Crypto news

22.06.2026
00:56

NVIDIA gives away AI models for free but makes more money from it than anyone else: breakdown of the Nemotron 3 Ultra strategy

On June 4, 2026, NVIDIA released Nemotron 3 Ultra, the largest open AI model in the Nemotron 3 lineup. Under a permissive license, the company released the model weights, training data, and methodologies. This is not just a "gift" to the community, but a calculated step within a long-term strategy where openness serves as a tool to strengthen its own ecosystem.

Architecture: A Hybrid of Speed and Accuracy

Nemotron 3 Ultra is not just another "scaled-up transformer." It is based on a hybrid architecture of three components: Mamba-2 layers, Attention layers, and Latent Mixture of Experts (Latent MoE). Mamba-2 processes long texts quickly with linear cost growth, while Attention retains large context volumes. Latent MoE compresses data before passing it to experts, allowing each to work narrowly and efficiently.

With a total of approximately 550 billion parameters, only about 55 billion are activated for processing each token. This gives the model 5–6 times higher throughput than comparable models and roughly 30% lower task costs.

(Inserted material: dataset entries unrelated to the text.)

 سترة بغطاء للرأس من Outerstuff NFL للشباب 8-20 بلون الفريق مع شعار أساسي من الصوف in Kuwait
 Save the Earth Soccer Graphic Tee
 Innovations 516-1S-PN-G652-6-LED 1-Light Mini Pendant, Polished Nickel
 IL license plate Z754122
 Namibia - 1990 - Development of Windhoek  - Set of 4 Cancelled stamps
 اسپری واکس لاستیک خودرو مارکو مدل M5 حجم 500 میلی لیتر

The context window is 1 million tokens, with a speed exceeding 300 tokens per second.

Strategy: A Free Model as a Catalyst for Hardware Sales

The main value of the release is not the model itself, but the ecosystem around it. Anyone running Nemotron almost certainly does so on NVIDIA GPUs, fine-tunes it using its tools, and deploys it on its software. Openness here is not charity, but a way to steer developers back to purchasing the company's hardware.

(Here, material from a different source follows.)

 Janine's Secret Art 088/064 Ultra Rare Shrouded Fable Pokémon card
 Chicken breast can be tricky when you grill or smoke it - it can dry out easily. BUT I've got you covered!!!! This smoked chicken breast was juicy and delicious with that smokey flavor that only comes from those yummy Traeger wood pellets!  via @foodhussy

With a market capitalization exceeding $5 trillion, the cost of training Nemotron 3 Ultra (likely hundreds of millions of dollars) is a nearly negligible expense for NVIDIA. GPU sales more than cover the research, so the company can give the model away for free and still earn more than closed competitors charging for access.

The political context adds further weight to the release. An open American model can be inspected, modified, and run on one's own servers—making it attractive for countries building independent national AI, from Europe to Southeast Asia. Such a model cannot be remotely disabled, which is especially valuable amid recent restrictions around closed models.

Limitations and Prospects

Despite its strengths, Nemotron 3 Ultra is not the smartest model on the market. On the Artificial Analysis Intelligence Index, it scored 48 points—the best result among open US models, but trailing leaders like Kimi K2.6 (54 points) and DeepSeek. Open models lag behind closed ones by three to seven months.

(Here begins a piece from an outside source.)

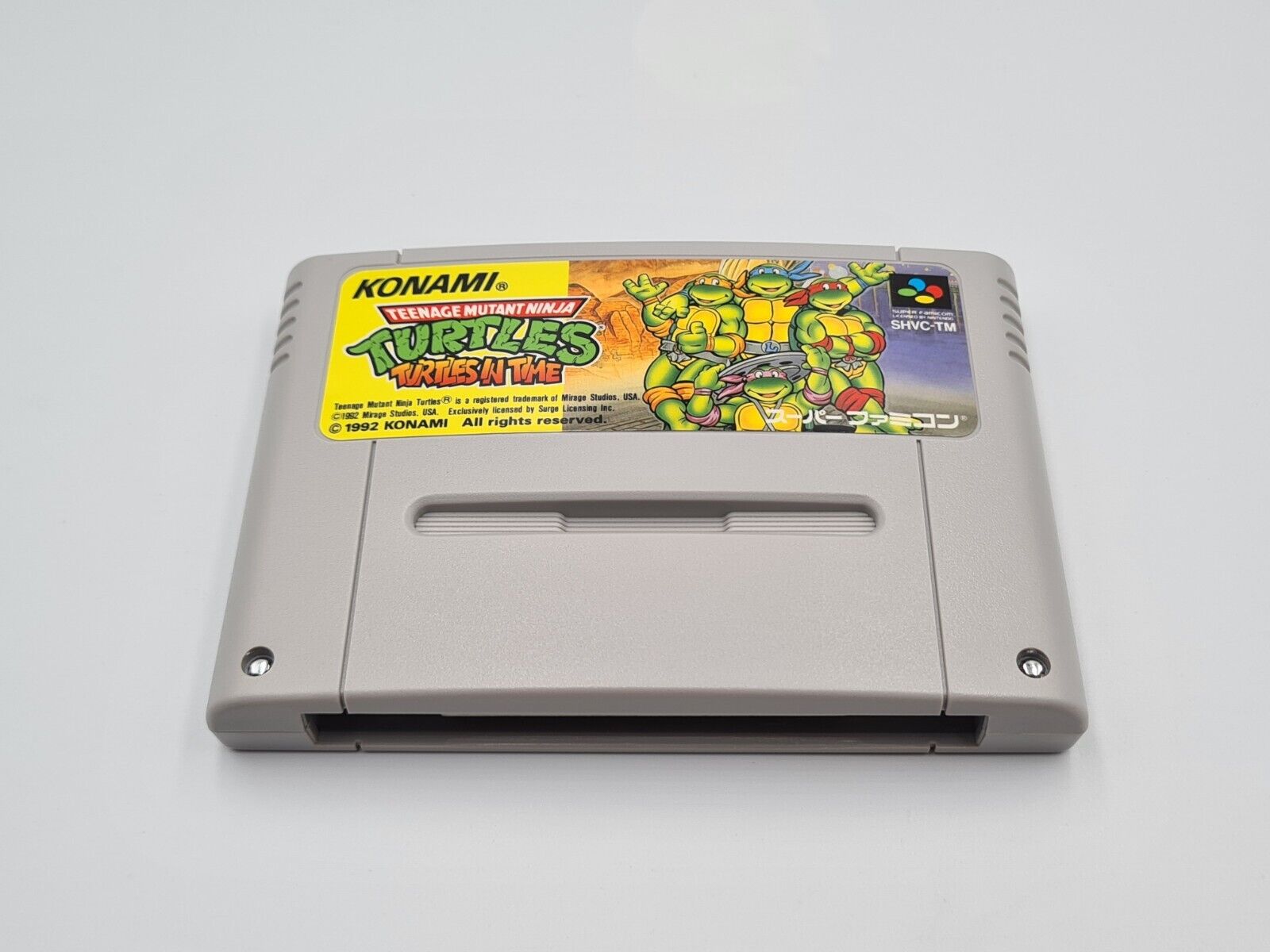 SFC Super Famicom Turtles in Time mit OVP und Anleitung Japan - T-Retro-Games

However, this gap matters less if an open model is simply sufficient for real-world tasks. A bank deploying Nemotron 3 Ultra for loan processing on its own servers doesn't need flagship-level intelligence—it needs a model that can be fine-tuned on proprietary data, kept within a secure perimeter, and not expose confidential information to outsiders.

Analytical Conclusion: NVIDIA's bet on efficiency rather than benchmark records may prove more far-sighted than it appears. With mass AI adoption, the cost of running a model takes center stage, and one that is nearly as capable but five times cheaper wins in real-world deployment. The open ecosystem will only strengthen: NVIDIA has the resources, motivation, and distribution channels to release increasingly powerful open models faster than any other company.